Spellling’s Portrait of my Heart: Cathartic Screams and Metal Meditations.

Mind-melting overdrive grips the pulse of Satisfaction – the ninth track from Spellling’s Portrait of My Heart – but is still unable to ready us for the full metal breakdown that arrives as the song heads to its conclusion, pinch harmonics et al. This is not the baroque mythos of The Turning Wheel (though the title track does tease somewhat of a renewal amid palm-muted distortion), nor is it the unmitigated ambient sensibility of Pantheon of Me. This is the Oakland singer-songwriter-producer using heavier rock music, not only as a weapon to test the defences of themes such as anxiety and alienation but as the latest transformation in a career of many.

Waking up and choosing violence, maintaining a musical persona one may describe as “chameleonic”; sometimes the cliches are applicable for the best of reasons. Spellling’s fourth album harnesses the beauty of the ultimate left turn, using the unforeseen to entice. 

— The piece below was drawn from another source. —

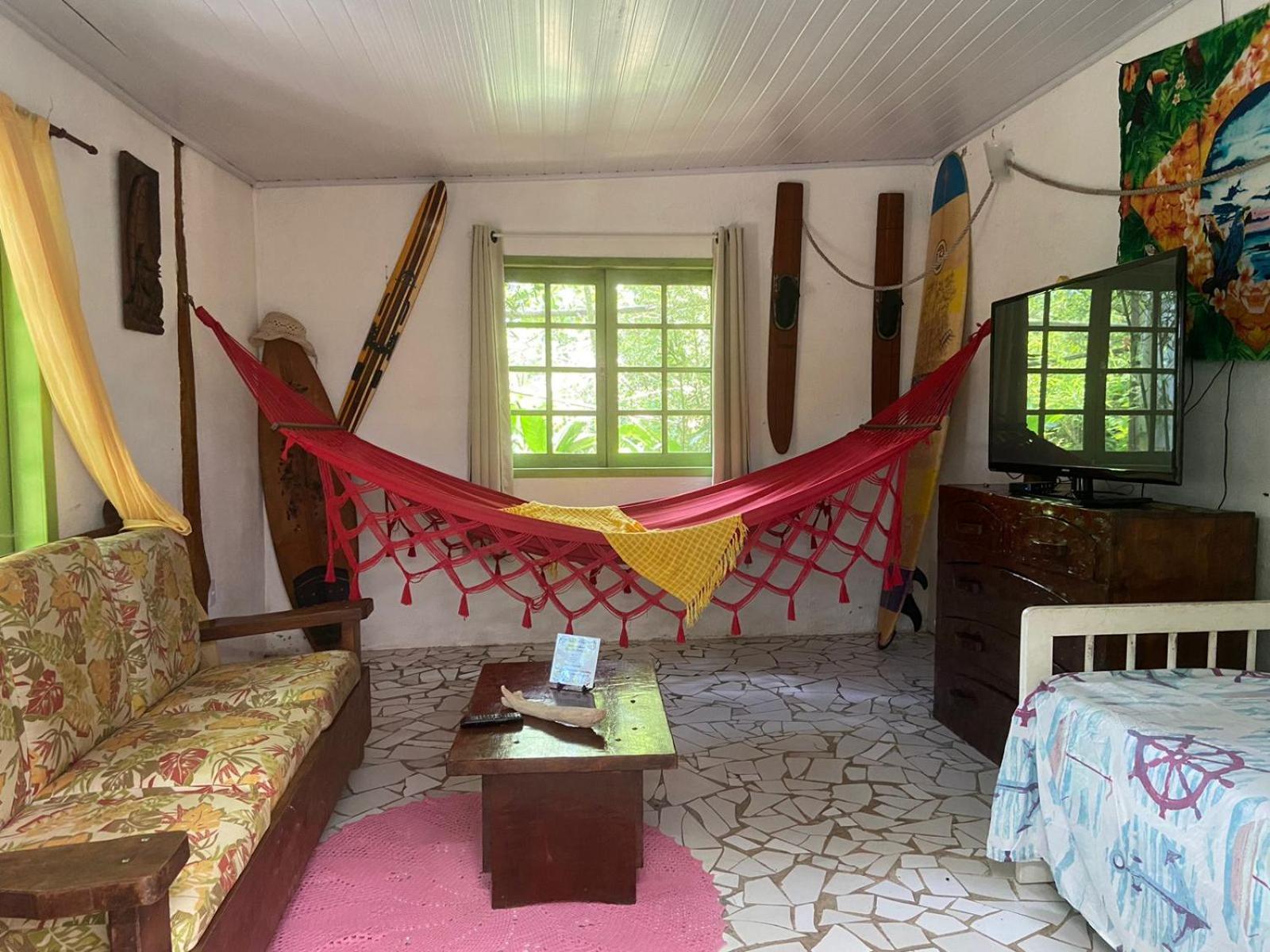 Casa A Beira Do Rio Jaguareguava Na Mata Atlantica Em Bertioga Sp 빌라 외부 사진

The Turning Wheel was philosophical whether the subject was penguins or bullying, but its sequel would rather seek and destroy, all the while remaining progressive. Be it the cathartic wails that race toward the river beneath Waterfall or Drain sounding a little like Pearl Jam’s Dissident, the album consistently plucks an incredible sense of release from its heavy protests against anguish, which Chrystia Cabral – Spellling’s real name – is most upfront about, relying less on metaphor.

Release washes over the instrumental bridges of Ammunition, its guitar screech attaching to a heaviness otherwise supplied by orchestral backing. Cabral allows for some wordless reflection, a combination of head-banging and meditation.

If one’s enamour with the sources of inspiration behind Portrait of My Heart were due to a potential to happily cry out, Spellling adapts to such source material wonderfully, cradling moods of Dream Theater and Foo Fighters in her arms as she screams in the face of heartbreak on Love Ray Eyes; breeding Evanescence and a sci-fi blowout sequence on Keep It Alive. The album ends with a cover of My Bloody Valentine’s Sometimes, its chief use of feedback for accompaniment is appropriate for both a shoegaze cover and this album.

Synth zaps and classic vocals are conjunct on Mount Analogue, as much a duet as Cabral’s singing with Chaz Bear of Toro y Moir. Even on an album that sticks to a specified genre, the left turns keep coming, continuing to entice as Alibi brandishes a bracing pop metal motif that sounds as though it’s about to go as radio as possible on the chorus before yanking and remembering that ain’t the Spellling way.

But hey, the Spellling rules keep changing; it’s so hard to keep up. The only constant in Chrystia Cabral’s deadly career is her enchanting ability, which “Portrait of My Heart” showcases with the utmost exhilaration.